If multiple viable models could be produced the next step is to decide which model or models will be deployed to production. We can pick a champion model or use multiple models for a more diversified score. There are even techniques to stack multiple models together or produce a sort of consensus. Generally, the approach is to select a technique that performs the best in validation testing, but there may be other concerns. Once a decision has been made the models are deployed into a scoring engine that wraps the model with some interface (API) so we can interact with it. This means that we can use new data (job requisitions, leads) and generate scores using the deployed models. This is typically performed in batch or real time, a solid scoring engine supports both modes of operation for the ultimate flexibility.

In our case one of the key requirements is that we want to be able to pass in the job requisition in its native JSON format to make the system most usable, this means that the scoring engine here needs to perform an additional transformation step to take new requisition records and convert them into a format the models expect, if we decided to use external sources like BLS or Search data this information needs to be added at scoring-time as well. Finally, once we have the scoring engine up we can do a true validation test that not only scores a set of records withheld from the models until now but ones we know outcomes for, but also validate our scoring-time transformation and data enrichment process. All these pieces must work together, the best scoring model in the world is useless if the record it is trying to score has incomplete or wrong information encoded.

Monitoring and performance analytics is a natural extension to a predictive solution. Once we start generating predictions, it is crucial to understand how the system performs, monitor for anomalies and possible degradation. Analytics can help us understand areas for improvement, see trends in our scores and track key performance indicators over time so we have solid information to provide both performance and ROI facts to the business.

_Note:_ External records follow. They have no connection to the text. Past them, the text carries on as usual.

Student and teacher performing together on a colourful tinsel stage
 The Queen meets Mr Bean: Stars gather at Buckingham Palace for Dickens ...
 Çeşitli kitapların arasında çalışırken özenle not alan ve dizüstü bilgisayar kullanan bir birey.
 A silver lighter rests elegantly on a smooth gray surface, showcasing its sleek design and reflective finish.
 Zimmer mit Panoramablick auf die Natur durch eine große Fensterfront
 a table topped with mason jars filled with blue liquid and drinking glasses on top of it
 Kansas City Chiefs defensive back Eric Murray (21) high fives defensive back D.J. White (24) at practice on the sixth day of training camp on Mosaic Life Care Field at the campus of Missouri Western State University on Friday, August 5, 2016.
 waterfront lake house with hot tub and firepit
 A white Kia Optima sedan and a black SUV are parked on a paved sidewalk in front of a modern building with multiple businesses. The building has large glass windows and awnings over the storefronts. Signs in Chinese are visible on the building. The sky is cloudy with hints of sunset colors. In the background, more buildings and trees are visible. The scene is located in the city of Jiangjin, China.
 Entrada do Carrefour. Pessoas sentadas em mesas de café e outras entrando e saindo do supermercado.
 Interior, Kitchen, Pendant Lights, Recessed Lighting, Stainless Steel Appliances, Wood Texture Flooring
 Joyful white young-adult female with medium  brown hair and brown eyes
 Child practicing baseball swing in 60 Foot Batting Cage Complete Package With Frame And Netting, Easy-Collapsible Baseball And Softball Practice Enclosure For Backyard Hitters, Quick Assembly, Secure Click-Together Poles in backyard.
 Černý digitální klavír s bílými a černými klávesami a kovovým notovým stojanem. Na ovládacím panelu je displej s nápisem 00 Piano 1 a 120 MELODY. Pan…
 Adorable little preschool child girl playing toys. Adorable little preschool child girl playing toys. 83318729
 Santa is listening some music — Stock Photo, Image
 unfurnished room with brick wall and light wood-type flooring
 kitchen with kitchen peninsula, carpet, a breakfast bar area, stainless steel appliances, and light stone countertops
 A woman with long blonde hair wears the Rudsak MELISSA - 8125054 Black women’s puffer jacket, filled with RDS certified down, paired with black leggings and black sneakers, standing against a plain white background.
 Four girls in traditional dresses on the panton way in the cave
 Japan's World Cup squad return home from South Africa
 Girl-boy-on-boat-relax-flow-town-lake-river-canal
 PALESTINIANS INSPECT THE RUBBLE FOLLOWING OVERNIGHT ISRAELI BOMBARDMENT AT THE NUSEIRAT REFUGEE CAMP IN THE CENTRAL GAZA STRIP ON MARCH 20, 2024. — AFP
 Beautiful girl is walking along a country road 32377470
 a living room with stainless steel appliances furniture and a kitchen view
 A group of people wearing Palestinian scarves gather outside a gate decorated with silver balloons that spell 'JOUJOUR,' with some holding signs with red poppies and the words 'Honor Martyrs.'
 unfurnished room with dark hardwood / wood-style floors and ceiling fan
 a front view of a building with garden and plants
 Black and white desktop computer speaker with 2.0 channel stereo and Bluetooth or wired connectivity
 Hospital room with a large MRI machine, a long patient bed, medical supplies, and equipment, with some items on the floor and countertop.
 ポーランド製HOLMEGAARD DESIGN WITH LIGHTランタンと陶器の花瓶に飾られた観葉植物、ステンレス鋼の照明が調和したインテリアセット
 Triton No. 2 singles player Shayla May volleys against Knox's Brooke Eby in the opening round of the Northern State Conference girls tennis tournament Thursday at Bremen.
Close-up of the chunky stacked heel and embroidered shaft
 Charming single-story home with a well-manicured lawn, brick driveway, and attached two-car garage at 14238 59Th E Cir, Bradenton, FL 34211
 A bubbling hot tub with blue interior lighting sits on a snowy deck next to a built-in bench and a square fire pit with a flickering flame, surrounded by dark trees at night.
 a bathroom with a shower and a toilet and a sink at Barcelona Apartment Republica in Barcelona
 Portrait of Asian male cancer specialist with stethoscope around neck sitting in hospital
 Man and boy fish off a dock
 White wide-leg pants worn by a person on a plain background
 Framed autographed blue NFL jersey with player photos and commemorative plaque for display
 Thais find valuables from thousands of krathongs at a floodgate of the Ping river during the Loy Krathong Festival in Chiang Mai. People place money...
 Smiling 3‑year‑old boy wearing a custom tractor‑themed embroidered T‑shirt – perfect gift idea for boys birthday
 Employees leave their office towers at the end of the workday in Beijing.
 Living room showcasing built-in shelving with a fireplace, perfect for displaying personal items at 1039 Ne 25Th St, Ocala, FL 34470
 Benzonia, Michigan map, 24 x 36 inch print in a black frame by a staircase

In the best case scenario, the analytics are part of the solution. It is not a requirement as you can bolt any third party offering, but it is nice to have an interface, maybe a dashboard or two and some visualizations to share with the business. It also increases the confidence in the system if these are available to decision-makers themselves so they understand the fluctuations and can react and alert the data scientists if something does not look right.

Why a predictive system is more than Machine Learning (xkcd)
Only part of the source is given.